Gravitational waves are emitted in all directions but the amplitude and polarization depends on the angle between the observer's line of sight and the plane of the orbit. The visual depiction is a representation of what happens in the 2D plane of the orbit using the third dimension to represent the wave.

3. Oct 19, 2016

### pervect

Staff Emeritus
The visual depiction of the gravitational wave is just a rather loose metaphor for the mathematics. The mathematical description involves the two polarizations of the gravitational wave, symbolized by $h_+$, the "plus" polarization, and $h_x$, the "times" polarization.

A real-world GR detector like Ligo will respond to only one of the two polarization components. Multiple detectors, with different orientations, could in principle be arranged such to measure both components.

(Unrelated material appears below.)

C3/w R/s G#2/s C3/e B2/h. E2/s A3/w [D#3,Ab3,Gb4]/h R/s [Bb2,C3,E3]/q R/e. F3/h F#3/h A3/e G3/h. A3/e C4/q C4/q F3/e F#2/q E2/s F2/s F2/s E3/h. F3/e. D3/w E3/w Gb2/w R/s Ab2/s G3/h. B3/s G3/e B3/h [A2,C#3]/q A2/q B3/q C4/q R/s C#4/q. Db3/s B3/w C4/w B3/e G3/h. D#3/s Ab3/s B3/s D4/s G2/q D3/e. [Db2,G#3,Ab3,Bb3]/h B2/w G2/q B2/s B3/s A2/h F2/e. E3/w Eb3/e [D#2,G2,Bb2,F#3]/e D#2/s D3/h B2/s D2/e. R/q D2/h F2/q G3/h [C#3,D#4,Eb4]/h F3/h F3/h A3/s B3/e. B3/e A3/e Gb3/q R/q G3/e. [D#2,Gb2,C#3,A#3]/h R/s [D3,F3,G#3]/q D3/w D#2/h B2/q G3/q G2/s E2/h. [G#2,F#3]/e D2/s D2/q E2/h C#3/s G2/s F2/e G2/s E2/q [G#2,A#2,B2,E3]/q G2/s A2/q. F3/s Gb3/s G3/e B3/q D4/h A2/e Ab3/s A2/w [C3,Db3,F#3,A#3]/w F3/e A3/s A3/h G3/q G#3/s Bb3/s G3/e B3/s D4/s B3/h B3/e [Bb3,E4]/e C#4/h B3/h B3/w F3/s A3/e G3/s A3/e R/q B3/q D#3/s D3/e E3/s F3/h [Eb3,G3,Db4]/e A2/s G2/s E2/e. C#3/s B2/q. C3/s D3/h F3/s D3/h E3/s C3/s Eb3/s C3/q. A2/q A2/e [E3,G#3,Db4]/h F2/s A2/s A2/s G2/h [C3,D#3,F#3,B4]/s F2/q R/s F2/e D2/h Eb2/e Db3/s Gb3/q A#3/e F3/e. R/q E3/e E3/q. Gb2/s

We will set up a coordinate system based on a celstrial sphere, where we place the origin of the celestial sphere at the source of the GW's, oriented so that the equator corresponds to the orbital plane of the binary source of the GW's. Note that this is different from the usual "earth-centric" defintion of the celestial sphere one will see if one looks up the term in wiki, but the basic idea is the same. Given these coordinates, one can write the amplitudes of the two components of the GW: https://en.wikipedia.org/w/index.php?title=Gravitational_wave&oldid=744529583

$$h_+ \propto (1 + \cos^2 \theta) \quad h_x \propto \cos \theta$$

Here $\theta$ represents what one might loosely call the "lattitude" (the convention is different because the lattiutde of the equator is taken as 90 degrees and not zero). The detector response is independent of "longitude".

One can see that the $h_+$ component's amplitude varies from one to two, and the $h_x$ component varies from zero to one as $\theta$, the inclination away from the celestial equator, varies. The amplitude of the waves is independent of $\phi$, the "longitude".